Creo que el principal problema con la sexualidad -o tal vez el único- es creer que hay un problema.
Creer que hay cosas que están mal. Que está mal desear o sentir magnetismo hacia ciertas personas. O que está mal no hacerlo, en determinados momentos, hacia ciertas otras.
Que está mal ser criaturas sexuadas, con deseo de ese encuentro íntimo y profundo que nos transforma hasta la médula. Que pensamos en eso demasiado, o demasiado poco. Que siempre tenemos ganas, o que nunca tenemos.
Que deberíamos estar más disponibles. Que está mal tener ganas de un encuentro salvaje, o de un encuentro más lento y sensible. No querer penetración, o quererla.
Creemos que está mal hablar de nuestra sexualidad. O hablar durante el encuentro sexual. Nombrar las cosas que nos gustan, y las que no. Pedir, y ser claros en ese pedido. Decir que no, cuando es no, cuando no queremos. O decir que sí, cuando es sí.
Que si nos expresamos honestamente, no vamos a agradar o atraer. Que se nos debería parar, que deberíamos durar más, que deberíamos poder sentir un orgasmo. O un orgasmo más intenso.
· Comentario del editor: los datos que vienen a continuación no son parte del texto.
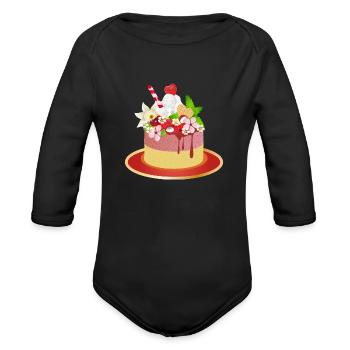 Fruity Tart – Sweet Dessert Motif - Organic Long Sleeve Baby Bodysuit - black - Front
O conectar más. O masturbarme más, o menos.
Siempre hay algo, algo que creemos que deberíamos ser y hacer distinto en relación a lo sexual. Siempre hay una
moral sexual. Incluso cuando nos creemos tan liberados, creamos una imagen de cómo es ser liberados en lo sexual, y ya quedamos presxs de esa imagen.
Y sin embargo, lo que es, es. De esa manera única y cambiante en cada quien.
Por eso, la base del Tantra es la inocencia. Suspender los juicios y la moral, para descubrir inocentemente nuestra singularidad. Nuestros deseos y placeres. Y también nuestras heridas y miedos. Ir aprendiendo a mostrarnos ante lxs otrxs con absolutamente todo lo que somos.
Ahí empieza la sexualidad sagrada, y ahí termina: en el encuentro total y pleno, de dos (o más) singularidades que se honran a sí mismas y se honran mutuamente, con absolutamente cada una de sus partes abriéndose en lo genuino del encuentro.